**Stored data**
/---

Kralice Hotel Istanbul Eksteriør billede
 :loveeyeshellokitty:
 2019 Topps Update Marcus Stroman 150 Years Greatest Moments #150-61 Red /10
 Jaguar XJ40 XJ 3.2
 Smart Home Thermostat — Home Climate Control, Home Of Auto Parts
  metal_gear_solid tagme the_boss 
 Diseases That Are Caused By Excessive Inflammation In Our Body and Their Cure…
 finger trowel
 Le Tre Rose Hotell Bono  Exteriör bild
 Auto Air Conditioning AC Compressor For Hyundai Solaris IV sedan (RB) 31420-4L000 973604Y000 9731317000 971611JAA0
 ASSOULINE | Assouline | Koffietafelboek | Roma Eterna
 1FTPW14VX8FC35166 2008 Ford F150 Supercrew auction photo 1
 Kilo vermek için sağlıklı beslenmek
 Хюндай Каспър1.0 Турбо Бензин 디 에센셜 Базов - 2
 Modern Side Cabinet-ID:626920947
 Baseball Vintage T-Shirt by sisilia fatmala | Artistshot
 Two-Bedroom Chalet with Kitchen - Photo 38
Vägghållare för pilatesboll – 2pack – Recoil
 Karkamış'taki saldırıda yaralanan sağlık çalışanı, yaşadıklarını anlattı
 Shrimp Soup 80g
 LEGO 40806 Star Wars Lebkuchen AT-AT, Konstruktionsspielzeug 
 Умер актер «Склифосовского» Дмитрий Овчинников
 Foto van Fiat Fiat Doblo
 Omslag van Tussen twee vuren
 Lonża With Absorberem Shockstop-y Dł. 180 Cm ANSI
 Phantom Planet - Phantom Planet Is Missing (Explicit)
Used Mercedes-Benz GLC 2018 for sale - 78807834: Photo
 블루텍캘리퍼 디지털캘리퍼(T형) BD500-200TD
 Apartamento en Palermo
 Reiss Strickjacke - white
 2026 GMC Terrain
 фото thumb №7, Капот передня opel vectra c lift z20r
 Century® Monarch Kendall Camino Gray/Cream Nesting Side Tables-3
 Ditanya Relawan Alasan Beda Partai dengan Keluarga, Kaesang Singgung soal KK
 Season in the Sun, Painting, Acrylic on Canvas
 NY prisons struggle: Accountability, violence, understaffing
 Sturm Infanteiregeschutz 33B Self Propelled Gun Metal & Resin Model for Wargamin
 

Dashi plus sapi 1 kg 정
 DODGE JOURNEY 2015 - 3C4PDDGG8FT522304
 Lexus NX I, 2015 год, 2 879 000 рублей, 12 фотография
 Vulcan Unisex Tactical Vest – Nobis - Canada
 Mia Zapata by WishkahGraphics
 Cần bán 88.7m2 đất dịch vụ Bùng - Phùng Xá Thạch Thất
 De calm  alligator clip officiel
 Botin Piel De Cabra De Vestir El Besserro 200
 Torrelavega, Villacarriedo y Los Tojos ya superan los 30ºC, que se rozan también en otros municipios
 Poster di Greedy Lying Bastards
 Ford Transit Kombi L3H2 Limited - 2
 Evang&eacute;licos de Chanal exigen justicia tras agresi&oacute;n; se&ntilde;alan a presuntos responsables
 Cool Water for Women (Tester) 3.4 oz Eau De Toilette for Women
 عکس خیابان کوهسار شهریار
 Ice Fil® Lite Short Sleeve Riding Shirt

\---

**Aim of the exercise**
Copy, please, every line from the start of the entries down to the line that holds "ASSOULINE | Assouline", with both of those lines included and no others.

**Response below**
Kralice Hotel Istanbul Eksteriør billede
 :loveeyeshellokitty:
 2019 Topps Update Marcus Stroman 150 Years Greatest Moments #150-61 Red /10
 Jaguar XJ40 XJ 3.2
 Smart Home Thermostat — Home Climate Control, Home Of Auto Parts
  metal_gear_solid tagme the_boss 
 Diseases That Are Caused By Excessive Inflammation In Our Body and Their Cure…
 finger trowel
 Le Tre Rose Hotell Bono  Exteriör bild
 Auto Air Conditioning AC Compressor For Hyundai Solaris IV sedan (RB) 31420-4L000 973604Y000 9731317000 971611JAA0
 ASSOULINE | Assouline | Koffietafelboek | Roma Eterna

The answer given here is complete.